- GOAL OF THE EXERCISE
Each line of the records that follow must come back exactly, with pictures skipped.

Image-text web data
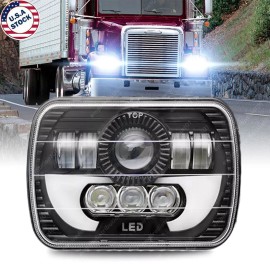 Bricologht For Freightliner FL50 FL60 FL70 FL80 MT35 MT45 7x6'' 5x7 LED Headlight DRL Hi-Lo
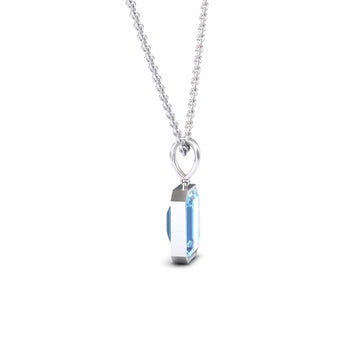 Swiss Blue Topaz Solitaire Necklace - Jovana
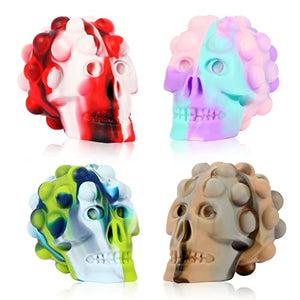 4 Pack Halloween Pop Fidget Toys, 3D Skull Squeeze Pop Bubble Stress Ball Sensory Toys for Halloween Goodie Bag Fillers, Pinata Stuffers, Gifts, Tree Decoration, Halloween Party Favors for Kids Adults - Glow-Paradise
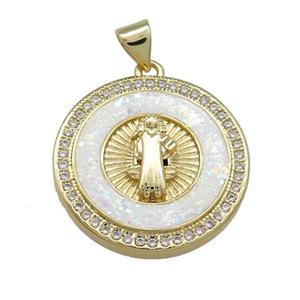Jesus Charms Copper Circle Pendant Pave White Fire Opal Zircon 18K Gold Plated, approx 22mm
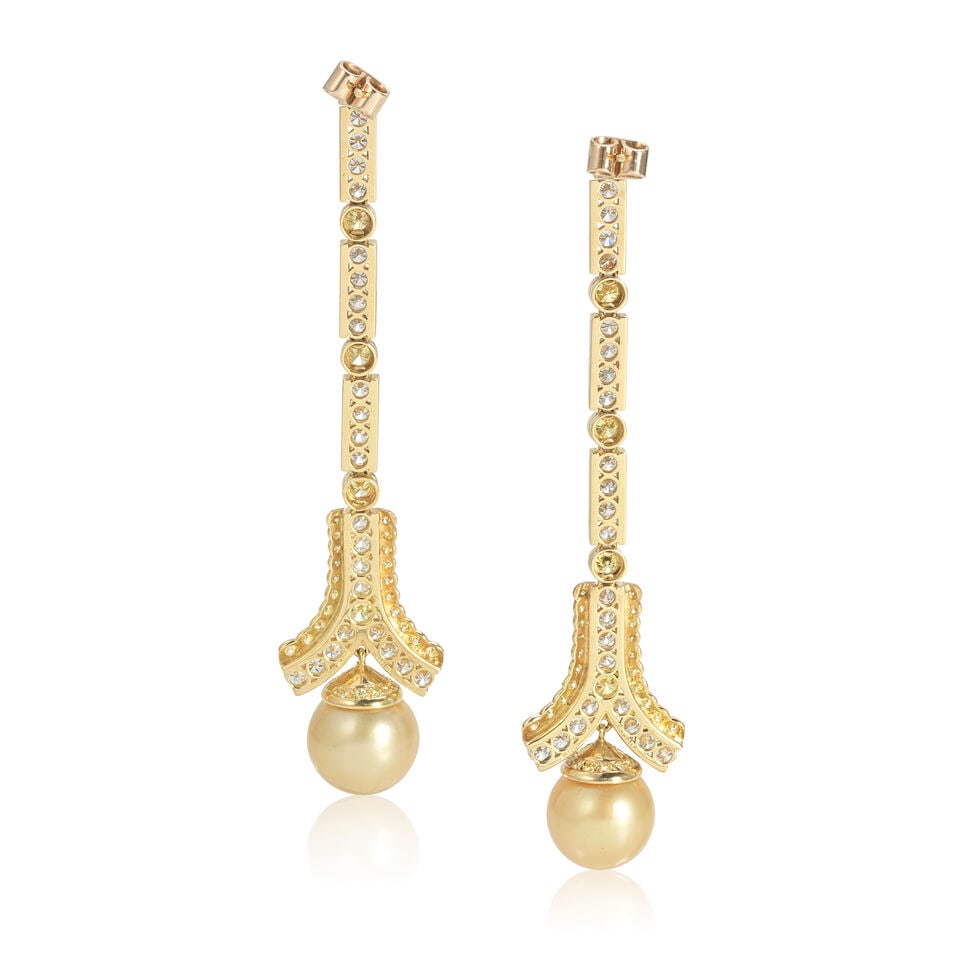 BOODLES: DIAMOND, COLOURED DIAMOND AND CULTURED PEARL PENDENT EARRINGS, 1991 - 2
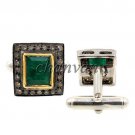 Party Rose Cut Diamond 925 Silver Emerald Vintage Look Cufflinks Men's Jewelry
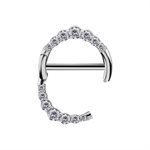 Double hinged segment jewelled nipple clicker ring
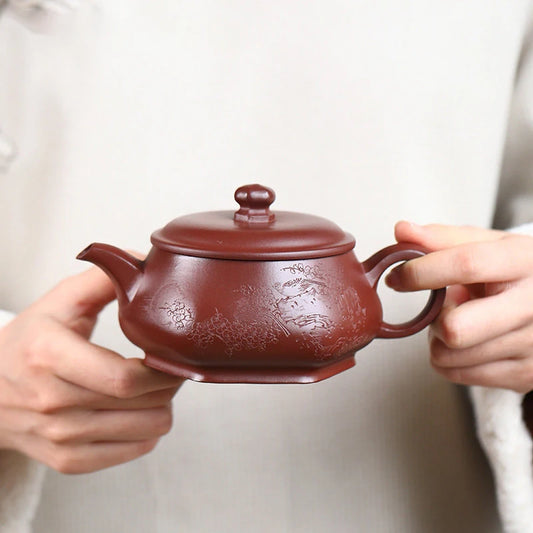 270ml Yixing High-end Purple Clay Teapots Famous Handmade Hexagonal Tea Pot Raw Ore Purple Mud Kettle Chinese Zisha Tea Set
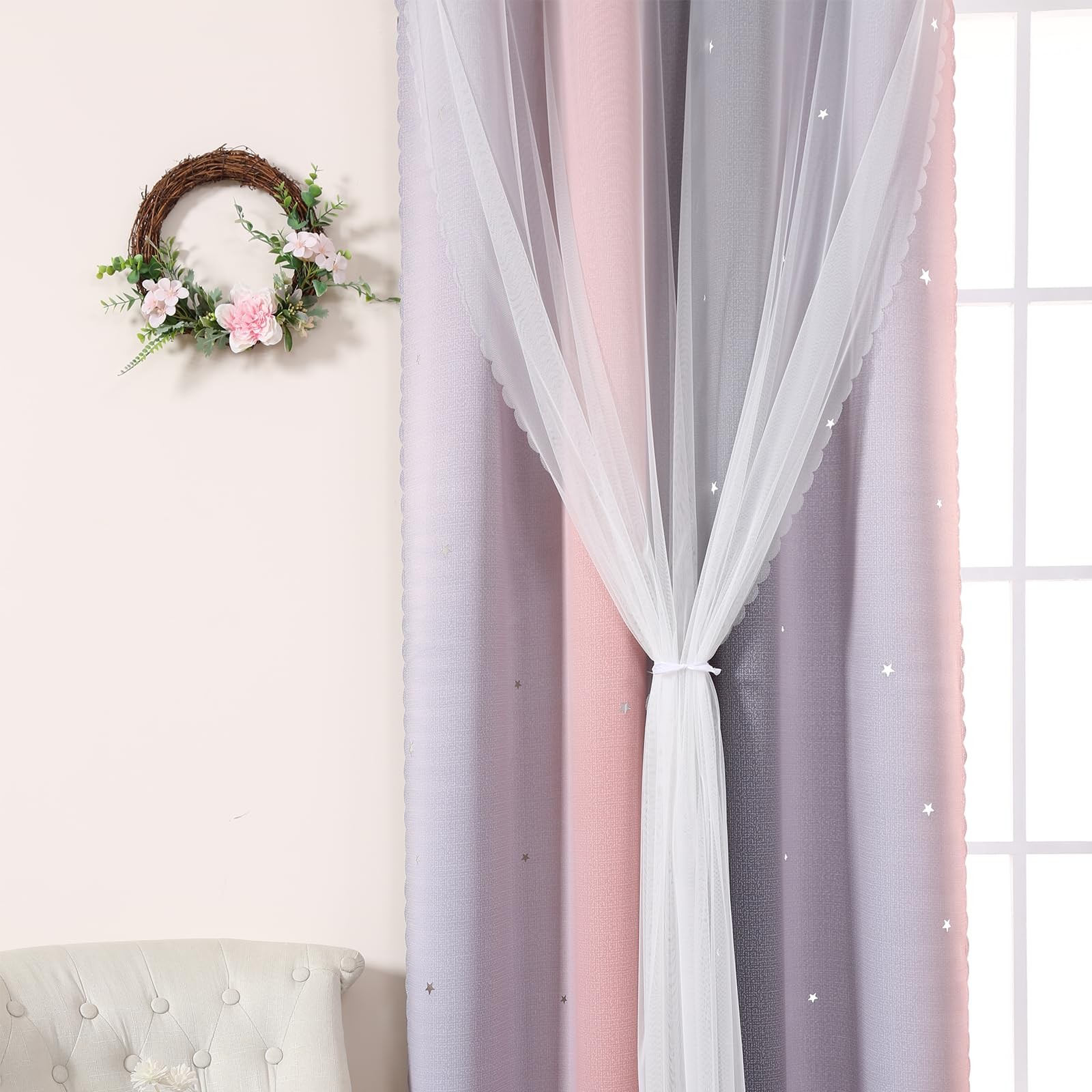 Pink and Grey Curtains Nursery Curtains for Bedroom Star Blackout Window Curt…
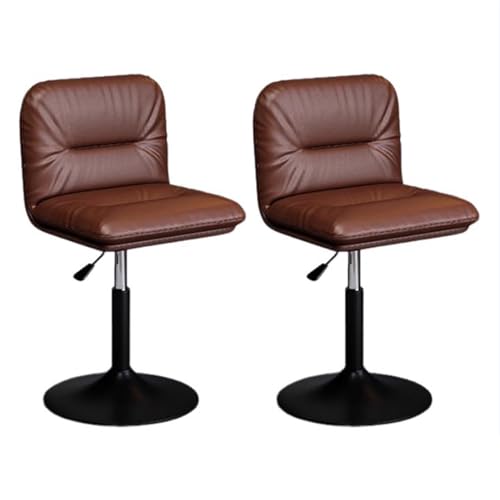 Tabourets de bar réglables JATIBOSH en cuir de selle pour cuisine - 2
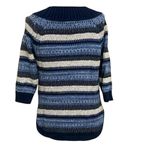 Westport Blue & Navy Striped Knit Sweater with Button Shoulder Detail – 3/4 Sleeve Photo 5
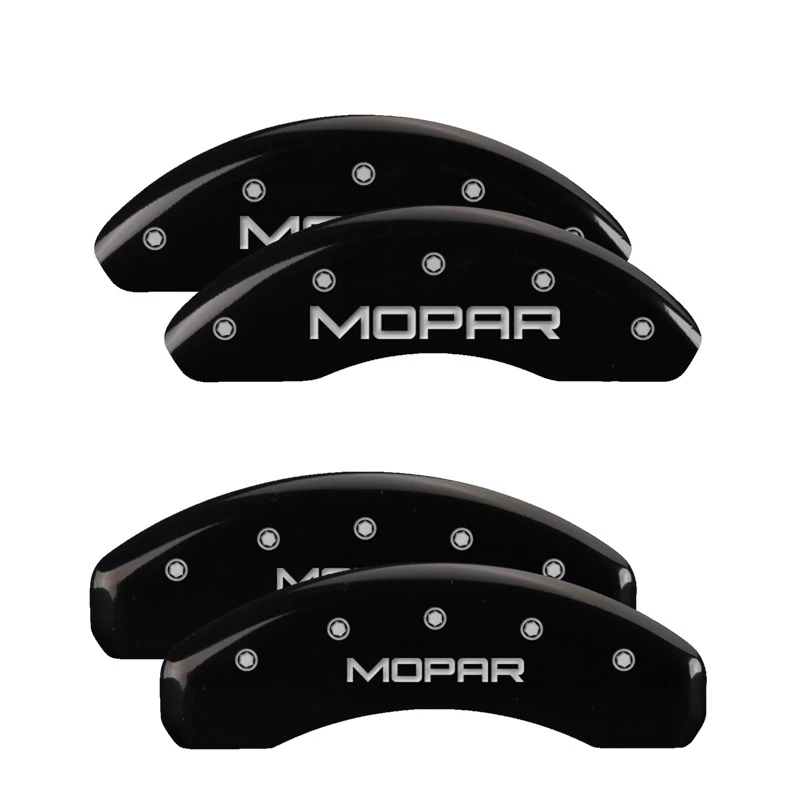 MGP 4 Bremssattel-Abdeckungen Graviert Vorne & Hinten MOPAR Schwarz Finish Silber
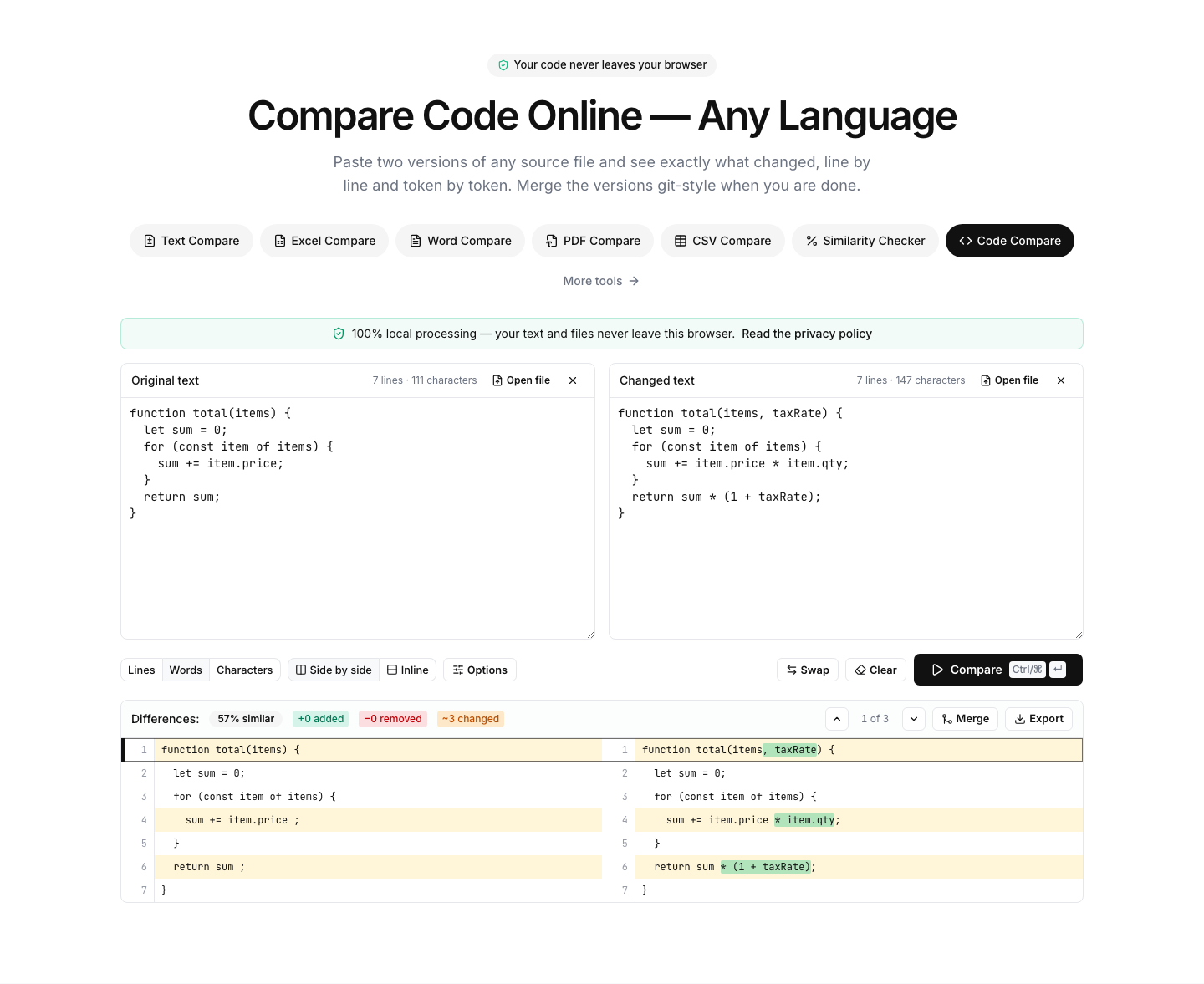 Code Compare showing an example comparison result with differences highlighted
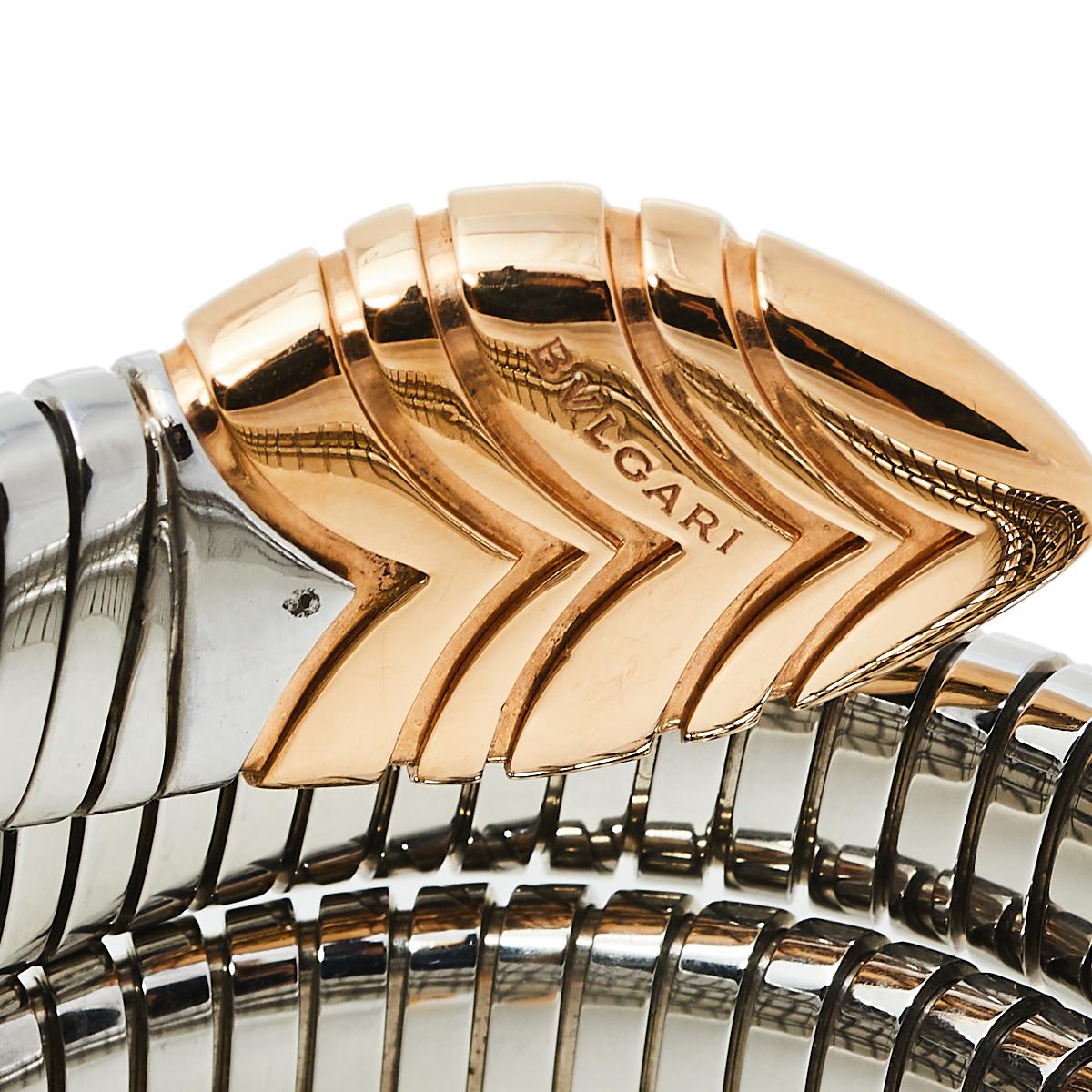 Bvlgari Serpenti Tubogas Stainless Steel 18K Rose Gold Double Spiral Bracelet SM 2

- EXERCISE OUTPUT
 Bricologht For Freightliner FL50 FL60 FL70 FL80 MT35 MT45 7x6'' 5x7 LED Headlight DRL Hi-Lo
 Swiss Blue Topaz Solitaire Necklace - Jovana
 4 Pack Halloween Pop Fidget Toys, 3D Skull Squeeze Pop Bubble Stress Ball Sensory Toys for Halloween Goodie Bag Fillers, Pinata Stuffers, Gifts, Tree Decoration, Halloween Party Favors for Kids Adults - Glow-Paradise
Jesus Charms Copper Circle Pendant Pave White Fire Opal Zircon 18K Gold Plated, approx 22mm
 BOODLES: DIAMOND, COLOURED DIAMOND AND CULTURED PEARL PENDENT EARRINGS, 1991 - 2
 Party Rose Cut Diamond 925 Silver Emerald Vintage Look Cufflinks Men's Jewelry
 Double hinged segment jewelled nipple clicker ring
 270ml Yixing High-end Purple Clay Teapots Famous Handmade Hexagonal Tea Pot Raw Ore Purple Mud Kettle Chinese Zisha Tea Set
 Pink and Grey Curtains Nursery Curtains for Bedroom Star Blackout Window Curt…
 Tabourets de bar réglables JATIBOSH en cuir de selle pour cuisine - 2
 Westport Blue & Navy Striped Knit Sweater with Button Shoulder Detail – 3/4 Sleeve Photo 5
 MGP 4 Bremssattel-Abdeckungen Graviert Vorne & Hinten MOPAR Schwarz Finish Silber
 Code Compare showing an example comparison result with differences highlighted
 Bvlgari Serpenti Tubogas Stainless Steel 18K Rose Gold Double Spiral Bracelet SM 2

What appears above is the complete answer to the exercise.